Tuesday, August 12, 2008

sweet, sweet home.

my new apartment.. is incredible. i'm actually obsessed with it. i can't believe how happy and at home i feel here. and, even more so, how happy gus seems to be. there's no doubt that the tension i was suffering through didn't even come close to what he felt. he seems much more relaxed here, which makes me even happier.

i still have some stuff to unpack and organize, although i've thrown a lot of useless, old crap away (files, bills, stuff from when i first moved into the old apt).  the space is fantastic.  i have room to live and i don't feel like there are any boundaries in my own home.
we've done a lot of furnishing and a lot of money has gone into the place, but not nearly as much as it could have been.  mom and i rock the deals & sales.  don't mess with us in the christmas tree shop.

the nightmare is not completely over.  in fact, it has gotten slightly worse in an unbelievable way.  just a little bit longer and a few more tasks at hand and it should be done.  with everything i've been through and witnessed, you would think i could at least comprehend such disfunction.. but i've never seen anything like this before.

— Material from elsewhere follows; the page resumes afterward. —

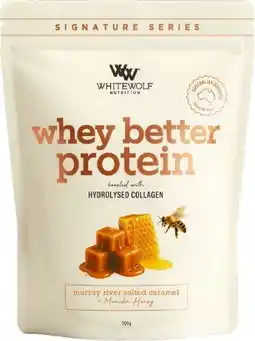 healthylife White Wolf Nutrition Whey Better Protein Powder with Collagen Salted Carmel offer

work is going well.  money is starting to pick up and should only get better from here with all the bentley/brandeis kids coming back this month.  i work 40-50 hr weeks and i'm pretty happy with what i have to show for it.  yes, making ends meet is slightly difficult, but you do what you have to.  i'm happy and i'm free, and that's what's important.  i have a new contract position which may or may not pull through.  however, i'm getting paid while we figure out if it'll last, so i'm okay with that.  i have a new network contact - a photographer - who wants to see some more up-to-date work and start feeding me clients.  and, on top of all that, i got my loan the other day to go back to school.

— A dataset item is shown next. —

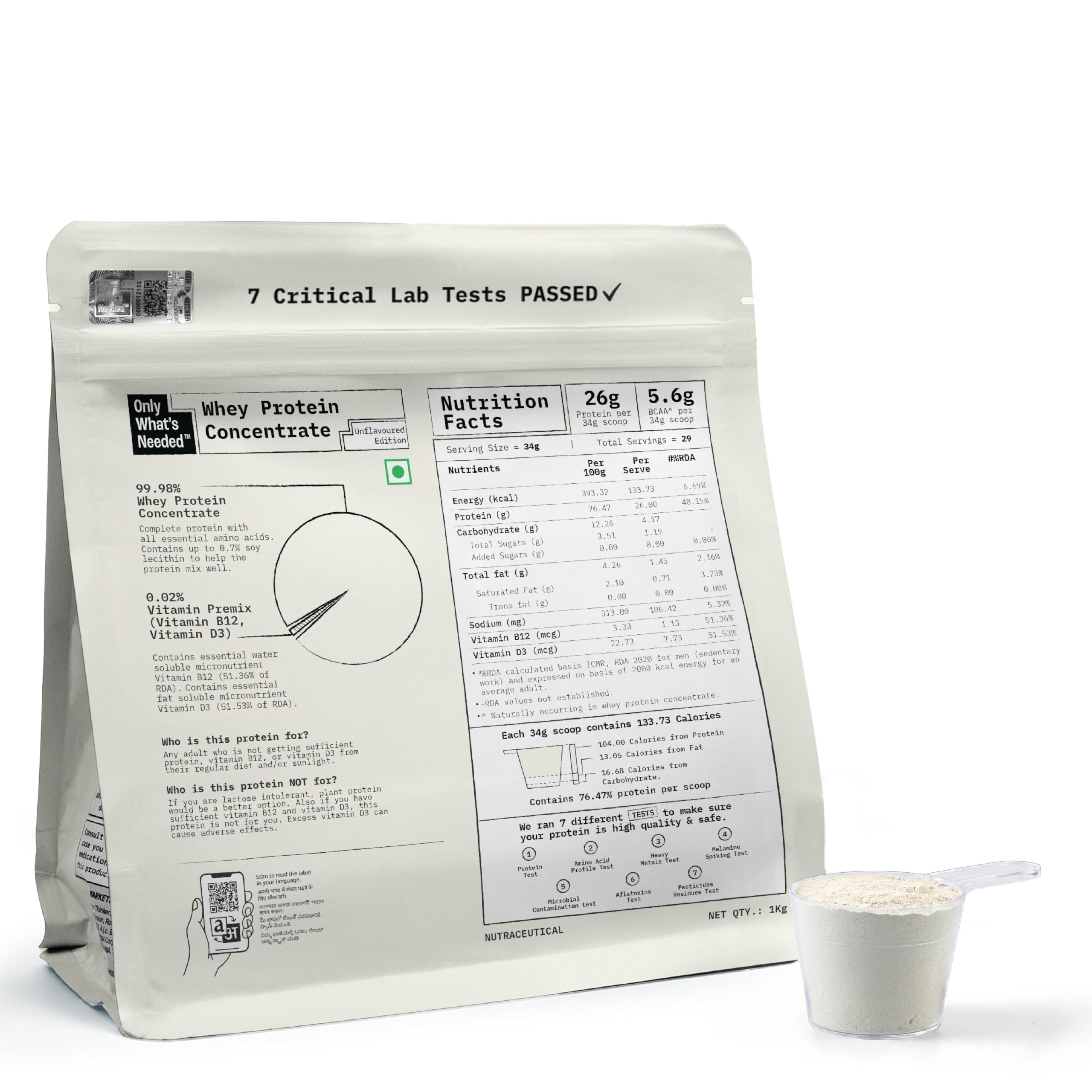By Food Pharmer | OWN Unflavoured Edition | Whey Protein Concentrate 1kg | 26g Protein per Scoop | No Added Sugar | No Added Flavours | No Artificial Sweeteners | Lab Tested | 29 Servings-picture-18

i've decided to take the "don't think too much" approach about going back to cdia.  the "thinking too much" goes along the lines of, "what if i can never pay back my loan?  what if i decide i hate what i'm doing and want a complete career change?  what if i crash?  what if i can't get enough hours at work around my school schedule?  what if i can't do the one show i've been dying to do for 9 years and finally have the opportunity for it?"  what if, what if, what if........what if i could get a grip and realize that if i don't go back to school, i'll be taking contract jobs that i only kind of enjoy and making my base income out of tips for the rest of my life?  when your full time job is waitressing and you've graduated.. is there really a "better time" to go back?  if you answered "no," then we're on the same page.  congrats.